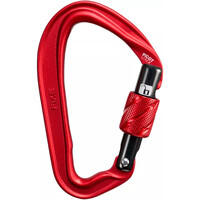 Fixe mosquetón seguridad Picot Screw vista frontal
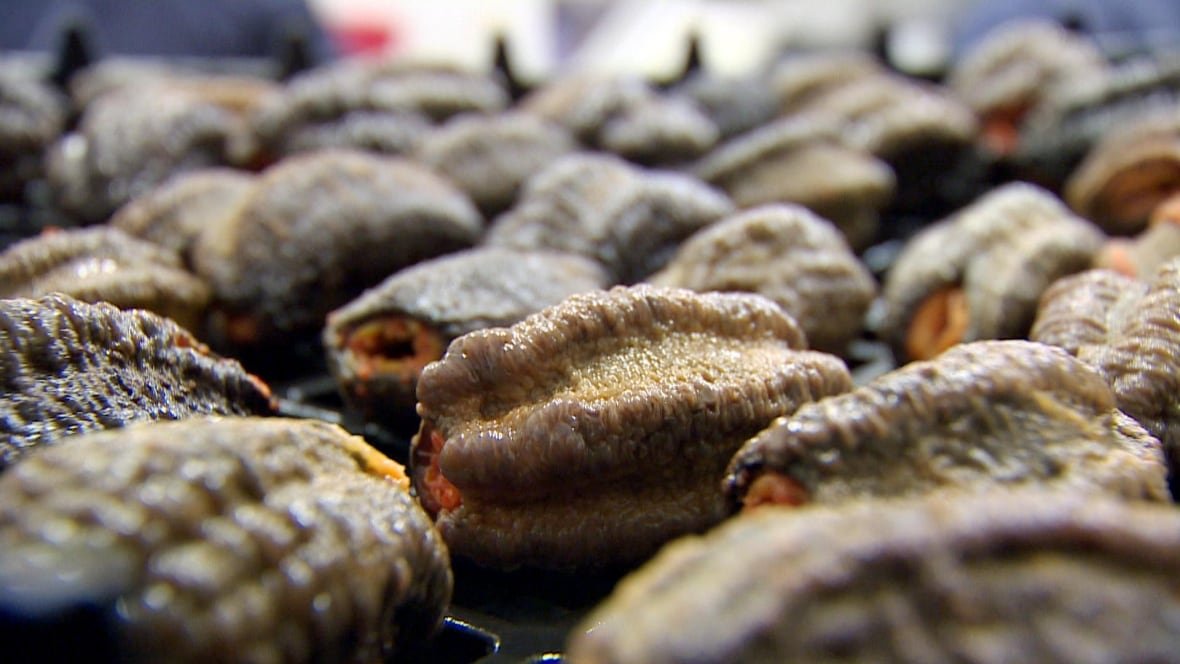 Close-up of a pallet of shrunken sea cucumbers.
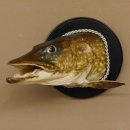 Hechtkopf Kopfpräparat Kopf Raubfisch Fisch offene Kiemen Trophäenschild 60.1.4.16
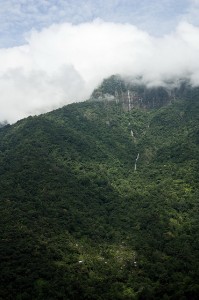  The Dense Rain Forests of the Khasi Hills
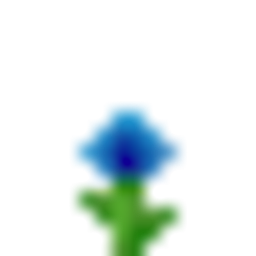 Blue dandelion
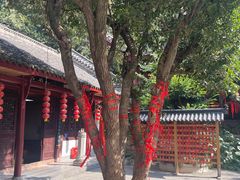 -卓刀泉寺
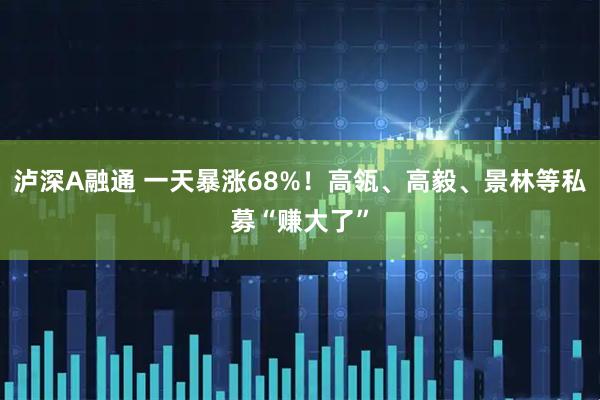 泸深A融通 一天暴涨68%！高瓴、高毅、景林等私募“赚大了”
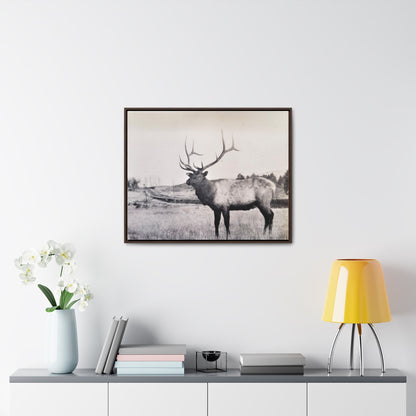 Yellowstone Bull Elk Gallery Canvas Wraps Horizontal Frame 30″ x 24″ Walnut Premium Gallery Wraps (1.25″)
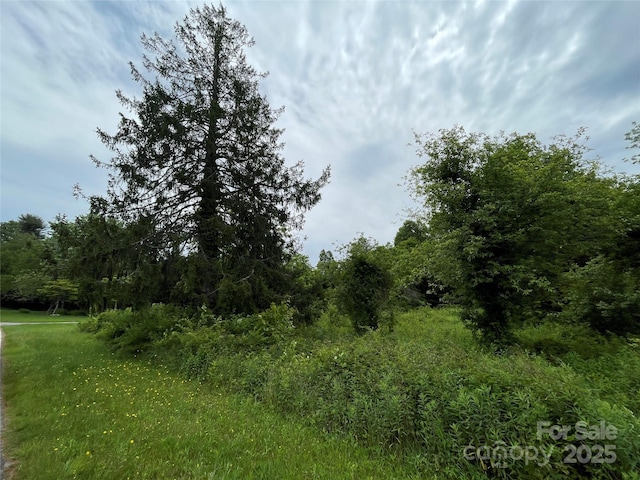 150 Founders Dr Unit 159, Flat Rock, NC 28731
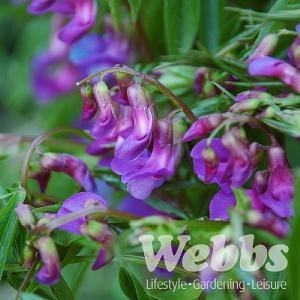 Lathyrus vernus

------------------------------------------------------------

Task item: Only the lines from the one that holds "Blue dandelion" through the end of the records above should be printed again, exactly as they are. Leave out the pictures.

Result:
 Blue dandelion
 -卓刀泉寺
 泸深A融通 一天暴涨68%！高瓴、高毅、景林等私募“赚大了”
 Yellowstone Bull Elk Gallery Canvas Wraps Horizontal Frame 30″ x 24″ Walnut Premium Gallery Wraps (1.25″)
 150 Founders Dr Unit 159, Flat Rock, NC 28731
 Lathyrus vernus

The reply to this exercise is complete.